In November/December 2013 Fischer took the Budapest Festival Orchestra into the Palace of Arts, Budapest to record Mahler 9 under studio conditions for Channel Classics. With unerring confidence Fischer quickly generates a powerful intensity in the opening movement. This contrasts with writing of idyllic bucolic contentment. The music feels highly picturesque - to me evoking a mysterious forested landscape with a magnificent waterfall. In the bitter-sweet second movement Scherzo once again extremes prevail. On the surface things are unified by the near unremitting dance rhythms of two different pairs of waltzes and ländler. Then a sardonic edge in the music becomes increasingly frantic and contorted before fading into the distance. The varying sound-world of the Rondo-Burleske is a swirling mix of urgency, anxiety, seriousness, occasional triviality and a glimpse of normality among all the mayhem. Marked Adagio, the Finale eschews disdain and mockery instead speaking through heavenly music of considerable generosity. As the playing gathers in burning intensity there is a undercurrent of deep reflection. Control of pace and tension is masterly and the searing Budapest strings provide an intense blanket of sublime sound. In Fischer’s expert hands the final page with muted strings could easily be a depiction of the stage in life between actual death and ascension into heaven.

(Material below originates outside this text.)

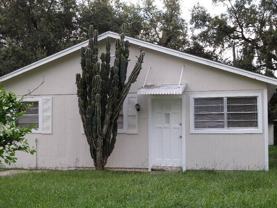 6914 Waycross Ave - Photo 1 of 1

I have whittled down to four the competing accounts of Mahler 9 that I find especially satisfying. The most consistently rewarding and my first choice is conducted by Sir John Barbirolli and the Berliner Philharmoniker recorded in 1964 under studio conditions in the marvellous acoustic of the Jesus Christ Church, Dahlem, Berlin on EMI Classics. This has all the atmosphere and spontaneity of a live recording. Barbirolli was the first British conductor to make a recording with the Berliner Philharmoniker since Sir Thomas Beecham back in 1937. This was a time when the Berliner Philharmoniker rarely performed Mahler symphonies and Barbirolli was in effect helping the orchestra to rediscover the composer. In 1979 Leonard Bernstein conducted the Berliner Philharmoniker for his first and only time. As Mahler was a composer close to Bernstein’s heart he selected Mahler 9. As a change from the more usual two rehearsals Bernstein was actually given four sessions. His live performance pulsates with intensity, although the playing isn’t always perfect. It was recorded at the Philharmonie, Berlin for Deutsche Grammophon. An account that continues to grow on me is from the Symphonieorchester des Bayerischen Rundfunks under Rafael Kubelik then the orchestra’s chief conductor. Recorded live on tour in 1975 in Tokyo, Japan. It is on Audite. Kubelik exercises splendid control over the overall shape of the score and one senses a real empathy with the composer - a fellow Bohemian. A more recent recording worthy of admiration is the version from Bernard Haitink conducting the Symphonieorchester des Bayerischen Rundfunks. Haitink provides a compelling and deeply perceptive live account recorded in 2011 in the impressive acoustic of the Herkulessaal, Munich. This adds to the merit of this BR Klassik release.
The Budapest Festival Orchestra was recorded at the Palace of Arts, Budapest. The sound team for Channel Classics has provided clear textures, realistic presence and impressive balance. A dedicated Mahlerian, Fischer directs a well-shaped yet penetrating reading. It joins the echelons of the finest recordings.